Four firefighters have also been injured as the blazes moved at alarming speed across the region, and there were so far unconfirmed reports of one fatality.
"The fires are spreading faster than I have seen in my 30 years," Mark Ghilarducci, the state's emergency services chief, told The Sacramento Bee newspaper.
Over 11,000 firefighters are battling 12 large fires across California.
Two -- the Valley Fire about 100 miles (160 kilometers) west of the state capital Sacramento and the Butte Fire about 100 miles to the east -- have been particularly devastating, together destroying 435 homes according to fire officials.
Governor Jerry Brown issued an emergency declaration for Lake and Napa counties -- wine-producing regions north of San Francisco -- due to the massive Valley Fire. Area schools were also closed on Monday.
Among the hardest hit areas is Lake County, named after the picturesque Clear Lake, a mostly agricultural area of pear orchards and vineyards, where communities have names like Spring Valley and Whispering Pines.
Lake County's village of Middletown, about 100 miles north of San Francisco was turned into a ghost town first, having been evacuated as residents fled the fast moving Valley inferno.
The town was then consumed by the blaze, with little remaining other than smoldering brick and stone after the buildings were burned down to their foundations.
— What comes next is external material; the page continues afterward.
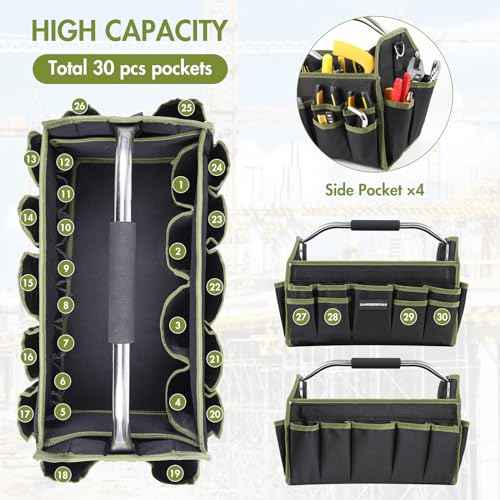20In Electrician Tool Bag, Foldable Bags For Men Heavy Duty, Open Top Tool Tote, 30 Pockets Can Hold Many fittings, Organizer Stainless Steel Handle and Removable Shoulder Strap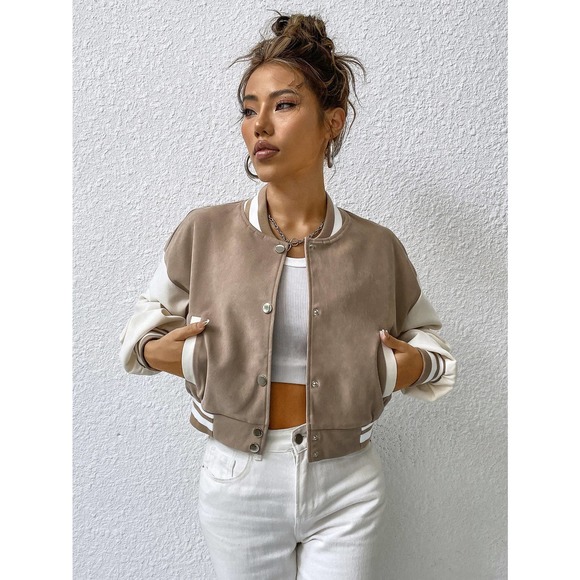 Striped Trim Color Block Varsity Bomber Jacket tan white - Picture 4 of 6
Evidence of the deadly conflagration were strewn throughout the area in the aftermath the of the fire's destruction.
Burned out chassis of what once were cars were abandoned on the side of road, while charred trees, still standing, eerily stretched stripped, blackened limbs to the sky.
From a distance, the region's famed rolling foothills glowed red and orange from the fast-moving blaze.
"My heart goes out to all those who lost homes and businesses in the devastating fires in California," the state's senator, Barbara Boxer. said in a tweet.
"Praying for the safety of all."
The recent fires have been fueled by tinder-dry conditions across the western United States, which has been starved for rain for the past several years.
The prolonged dry spell has been exacerbated by record high temperatures, which many environmentalists blame on global warming.